Wednesday 6 August 2014

William Law's A Serious Call


Before Singer’s Pond there was William Law and the pond of the covetous man:

Again: if you should see a man that had a large pond of water, yet living in continual thirst, not suffering himself to drink half a draught, for fear of lessening his pond; if you should see him wasting his time and strength, in fetching more water to his pond; always thirsty, yet always carrying a bucket of water in his hand, watching early and late to catch the drops of rain, gaping after every cloud, and running greedily into every mire and mud, in hopes of water, and always studying how to make every ditch empty itself into his pond: if you should see him grow grey and old in these anxious labours, and at last end a careful, thirsty life, by falling into his own pond; would you not say that such a one was not only the author of all his own disquiets, but was foolish enough to be reckoned amongst idiots and madmen? But yet foolish and absurd as this character is, it does not represent half the follies, and absurd disquiets, of the covetous man.
(from Chap.XI of A Serious Call to a Devout and Holy Life)
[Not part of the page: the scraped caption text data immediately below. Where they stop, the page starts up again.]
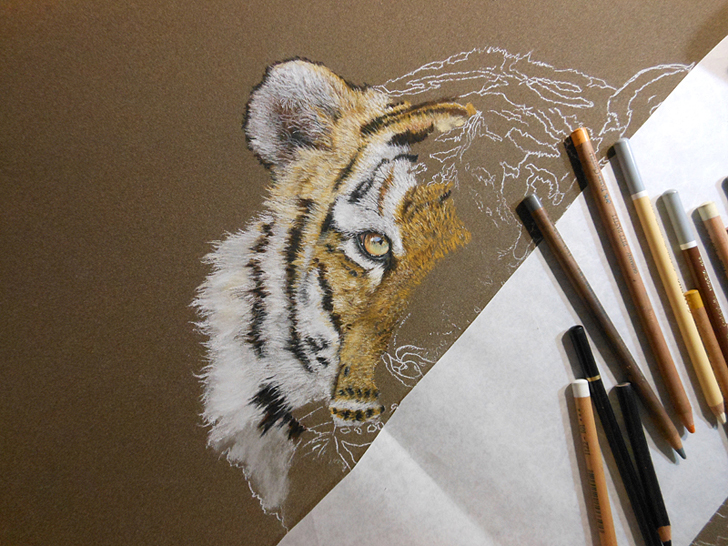Tiger mit Pastellkreide malen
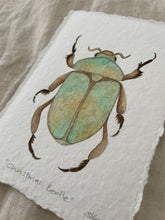 Load image into Gallery viewer, Christmas Beetle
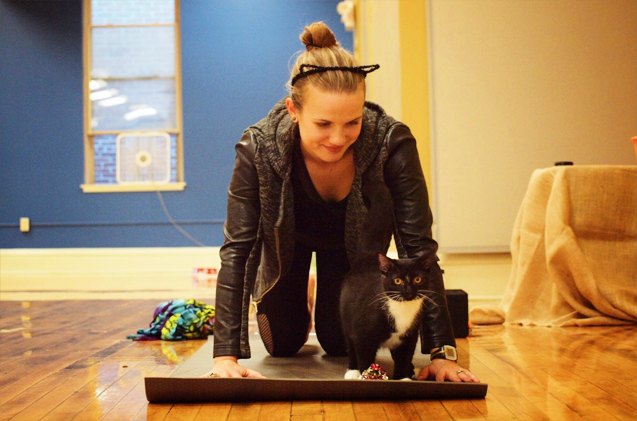 strike a yoga pose and help shelter cats find new homes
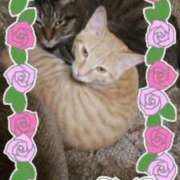 ヒメ日記 2025/08/22 13:22 投稿 まお 倶楽部愛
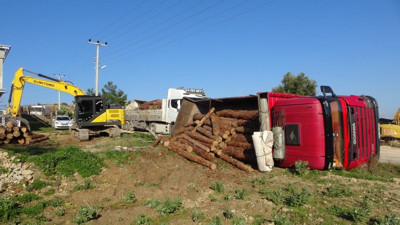 Tomruk yüklü kamyon devirdi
I am finding the reading not of the cheeriest but mighty sobering. Certainly one does not get much of ‘a note of joy in the liturgy’. Like the Imitation of which he was fond it is slightly bleak. There is a suspicion of ‘ananda’ deficit. Samuel Johnson though he felt that no non-juror could reason and that Law was lost in the reveries of Boehme still was affected by ‘A Call’ when he picked it up at Oxford expecting to have a laugh.

In the ‘old religion’ Law would have been a natural monk complaining of a lack of rigour and denouncing spare sandals. I propose to myself a regular homeopathic dose to drive out the humour of worldliness that afflicts me as a member of ‘the better class of people’.